1) People who start dying (eg by developing cancer) might take more than a
year, and generally they lose weight when they do so. So even if obesity
caused you to be more likely to get cancer and die, it wouldn't show up in
this sort of data.

2) People who weigh less may be otherwise unhealthy for other reasons -- this
doesn't imply that gaining weight would benefit them. In this sense weight is
an effect of some other cause.

3) We may not be measuring "overweight" correctly -- scale weight is different
from BMI which is different from body fat% which is different from body
density which is different from body volume which is different from other
things closely associated with "weight" (and specifically the stuff you
gain/lose by eating)

------
twiceaday
BMI is not a completely accurate indicator of obesity so I'm not at all
surprised they got this mild contradiction.
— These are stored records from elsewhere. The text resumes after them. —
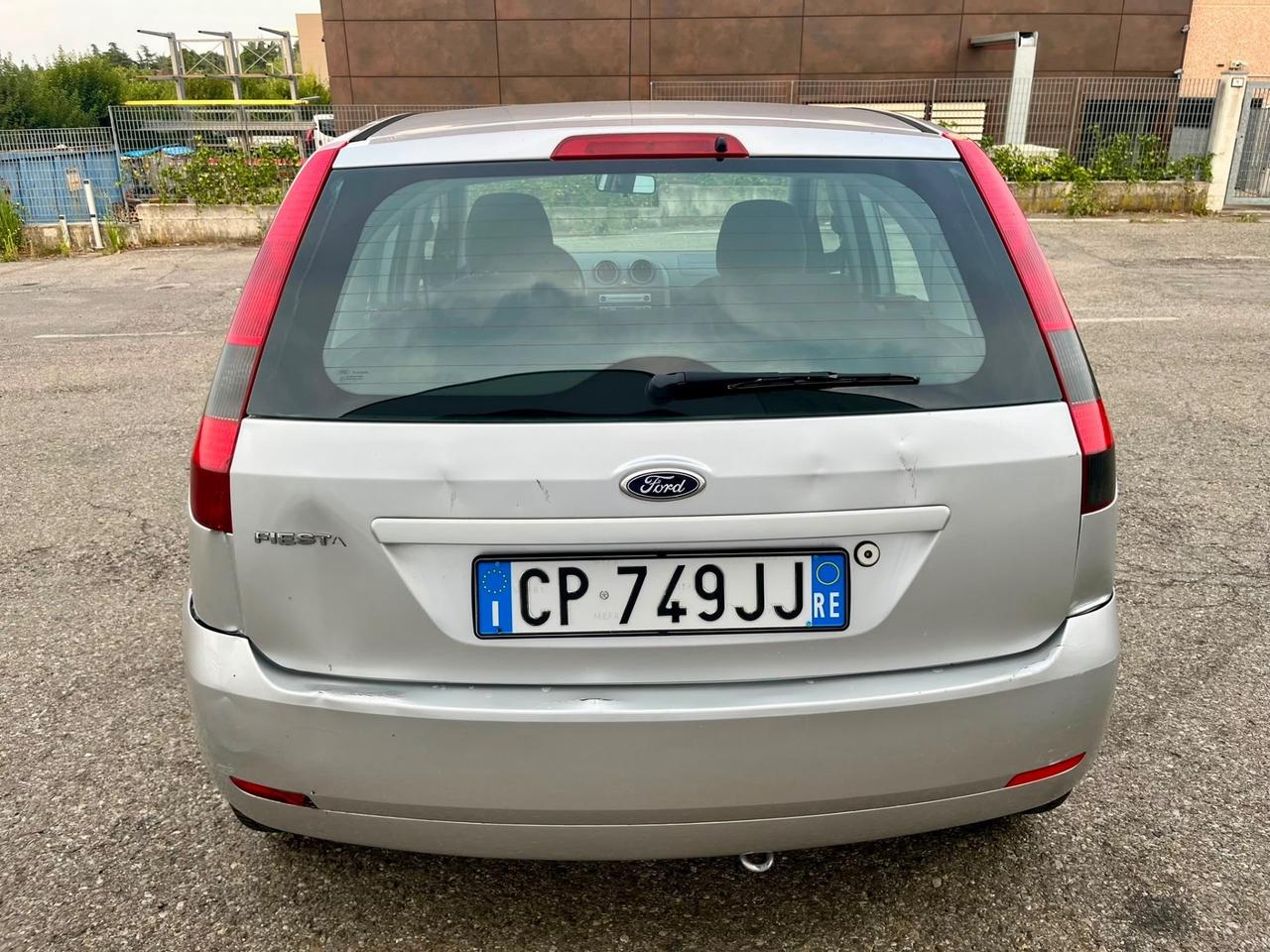 Ford Fiesta 1.2benz 2004 104.000km per neopatentati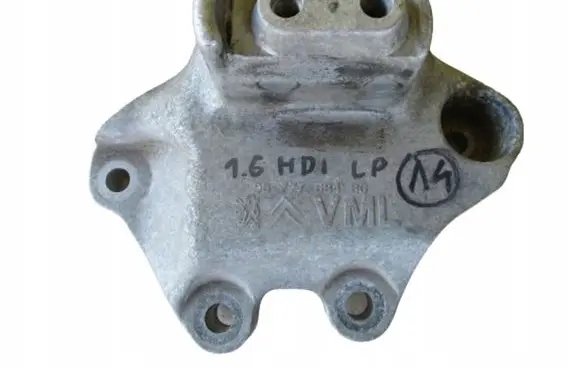 Peugeot 308 Gearbox mounting bracket 9677768480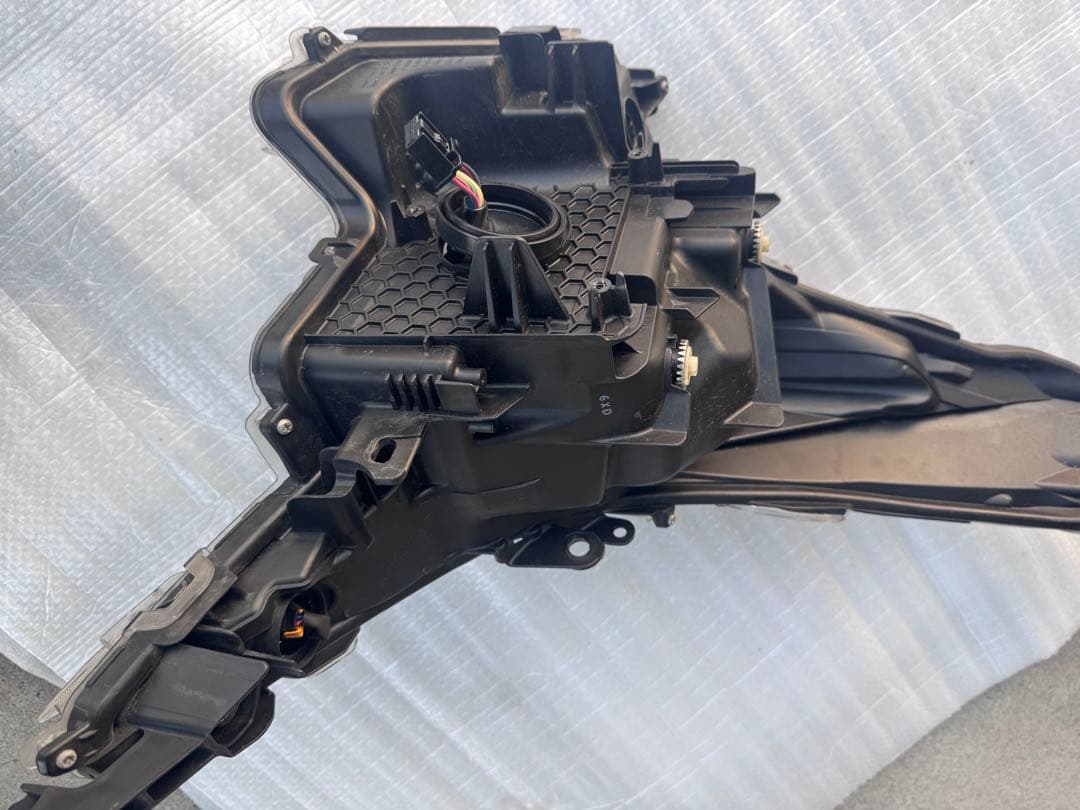 プリウス50前期 LED ヘッドライト 左右セット 12V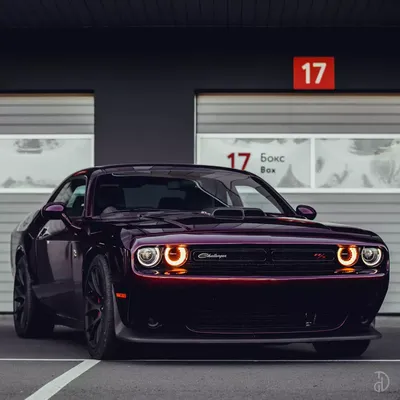 Фото Dodge Challenger SRT Supercharged with HEMI красная машина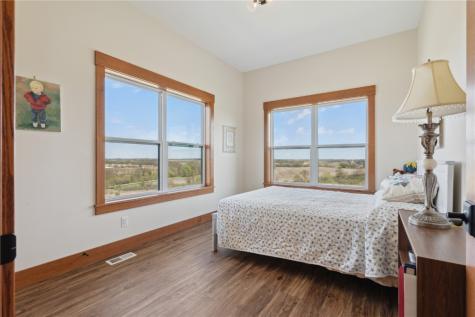 4009 Quail Ridge Road Center Point IA 52213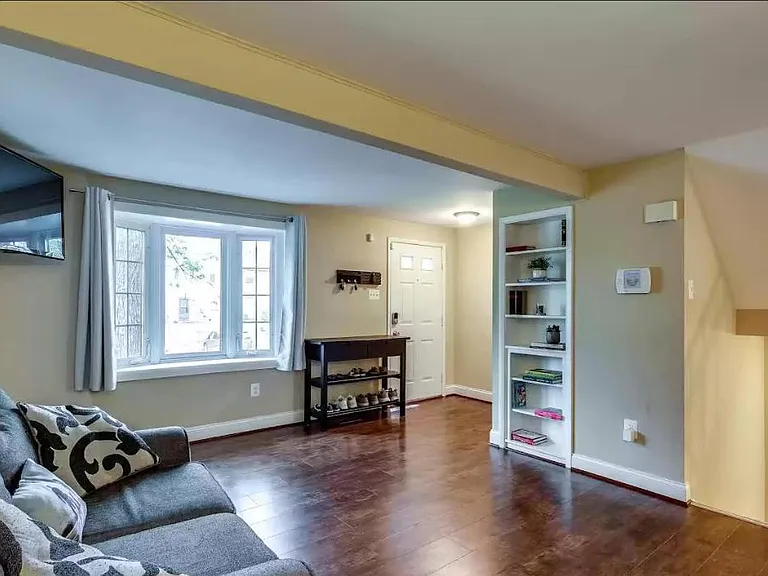 12343 Boncrest Dr — Photo 2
Doubly so because it is an easily-
sellable message.

------
jacques_chester
BMI is like KSLOC.

It's the shittiest metric of population health we have ... except for all the
others.

Height and weight is _always_ collected. Blood cholesterol ... yeah, not so
much. So unsurprisingly everything is related back to it.

Anyhow. I'd be amazed if many of we key-hunters-and-karma-gatherers are in
much danger of zooming into the dangerous band at the bottom of the BMI
(modulo EDs).

So, given that most people are not rocking pro-bodybuilder fat-free mass
indexes, the BMI is still better than nothing.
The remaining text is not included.